The sentence was announced by Acting United States Attorney for the District of Maryland Stephen M. Schenning and Special Agent in Charge Gordon B. Johnson of the Federal Bureau of Investigation, Baltimore Field Office.
According his plea agreement, from 2002 to about 2014, Fischer was a partner at TriArc Financial Services, Inc. (TriArc Services), which provided automotive and mortgage insurance products, including residual value insurance. Residual Value Insurance (“RVI”) helped companies leasing vehicles to consumers to manage the risk from decreases in the value of the vehicle during the term of an auto lease. RVI typically provided for payments to the owner of a leased vehicle if the value of the vehicle at the end of the lease was less than a certain amount specified in the terms of the insurance coverage when the lease began. In the early 2000s, RVI policies were widely issued by insurance companies and TriArc Services generated substantial revenue for the company and its partners, including Fischer, who served as insurance brokers for RVI products. In 2008 and 2009, in conjunction with the financial recession and changes in consumers’ desires for used automobiles, many insureds suffered substantial losses under RVI insurance policies.
Fischer admitted that from 2009 until 2014, he persuaded victim businesses to purchase RVI insurance coverage, which Fischer knew did not exist, so that Fischer could use a substantial portion of the victims’ insurance premiums for his personal benefit. Specifically, in the summer of 2009, Fischer created a Nevada corporation called TriArc Marketing Solutions (TriArc Solutions) and opened bank accounts for TriArc Solutions. During the course of the scheme, Fischer caused prospective insureds to believe that he that he was authorized to issue RVI policies on behalf of TriArc Services, a multinational property and casualty insurance company specializing in coverage for small to medium sized businesses, and one of that business’ subsidiaries. Fischer also concealed the creation and use of TriArc Solutions from his partners at TriArc Services.

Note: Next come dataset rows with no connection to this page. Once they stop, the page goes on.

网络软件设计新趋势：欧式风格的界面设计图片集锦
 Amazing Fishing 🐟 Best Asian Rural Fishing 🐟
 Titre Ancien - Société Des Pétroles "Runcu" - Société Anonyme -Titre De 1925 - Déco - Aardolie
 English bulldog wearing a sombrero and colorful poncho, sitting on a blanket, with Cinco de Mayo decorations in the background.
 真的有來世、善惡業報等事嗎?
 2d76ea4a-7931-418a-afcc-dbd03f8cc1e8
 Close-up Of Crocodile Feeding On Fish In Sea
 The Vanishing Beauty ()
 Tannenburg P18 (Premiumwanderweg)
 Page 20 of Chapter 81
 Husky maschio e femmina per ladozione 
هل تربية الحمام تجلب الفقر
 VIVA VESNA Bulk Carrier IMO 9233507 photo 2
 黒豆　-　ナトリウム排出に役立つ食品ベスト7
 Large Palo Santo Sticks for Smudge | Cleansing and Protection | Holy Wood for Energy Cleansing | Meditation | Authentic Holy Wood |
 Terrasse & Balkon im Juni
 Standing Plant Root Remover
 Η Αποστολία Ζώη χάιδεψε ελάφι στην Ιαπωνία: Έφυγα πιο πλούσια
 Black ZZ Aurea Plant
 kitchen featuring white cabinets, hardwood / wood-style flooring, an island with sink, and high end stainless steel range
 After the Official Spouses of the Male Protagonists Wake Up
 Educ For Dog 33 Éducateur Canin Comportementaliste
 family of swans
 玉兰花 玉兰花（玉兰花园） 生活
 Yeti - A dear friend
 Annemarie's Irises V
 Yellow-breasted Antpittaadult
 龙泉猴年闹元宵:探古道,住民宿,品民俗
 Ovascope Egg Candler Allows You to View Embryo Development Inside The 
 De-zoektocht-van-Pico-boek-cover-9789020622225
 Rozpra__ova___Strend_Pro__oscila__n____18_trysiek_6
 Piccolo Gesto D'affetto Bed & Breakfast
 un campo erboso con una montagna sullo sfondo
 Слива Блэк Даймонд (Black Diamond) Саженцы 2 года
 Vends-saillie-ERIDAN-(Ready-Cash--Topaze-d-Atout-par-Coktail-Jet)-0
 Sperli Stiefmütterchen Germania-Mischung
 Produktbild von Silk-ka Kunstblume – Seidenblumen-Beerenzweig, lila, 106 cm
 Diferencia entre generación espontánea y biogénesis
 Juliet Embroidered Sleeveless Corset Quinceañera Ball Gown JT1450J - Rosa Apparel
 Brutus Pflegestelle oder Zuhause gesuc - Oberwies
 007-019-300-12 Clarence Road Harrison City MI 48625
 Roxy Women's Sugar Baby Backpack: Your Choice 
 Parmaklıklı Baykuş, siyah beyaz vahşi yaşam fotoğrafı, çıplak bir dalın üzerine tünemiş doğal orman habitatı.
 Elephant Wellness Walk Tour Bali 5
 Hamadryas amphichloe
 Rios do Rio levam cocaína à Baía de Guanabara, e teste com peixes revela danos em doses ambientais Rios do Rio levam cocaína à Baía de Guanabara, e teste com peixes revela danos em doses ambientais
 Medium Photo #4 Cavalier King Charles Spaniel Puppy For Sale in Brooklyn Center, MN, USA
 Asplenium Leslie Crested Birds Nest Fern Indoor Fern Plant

Fischer created and sent false insurance coverage documents, fraudulent emails, premium invoices, lists of covered vehicles, and other documents to victim companies, causing them to falsely believe that they had purchased RVI insurance through Fischer. Fischer used the identity of an employee of a multinational property and casualty insurance company in furtherance of the fraud, including his name, title and purported signature on the declaration pages of the fake insurance policies. Fischer concealed from the employee and the company that Fischer was pretending to issue RVI insurance policies on behalf of the company.
Fischer collected more than $4.4 million in RVI insurance premiums from the victims, which he deposited into the TriArc Solutions bank accounts. Fischer and his relatives used the proceeds of the insurance premium payments for their personal benefit.
Fischer also admitted that he failed to report a significant portion of the money he obtained from the fraud on his annual tax returns for the 2009 through 2014 calendar years. The total income Fischer received, but did not report to the IRS for these tax years exceeded $3.3 million, which generated a substantial tax loss to the United States.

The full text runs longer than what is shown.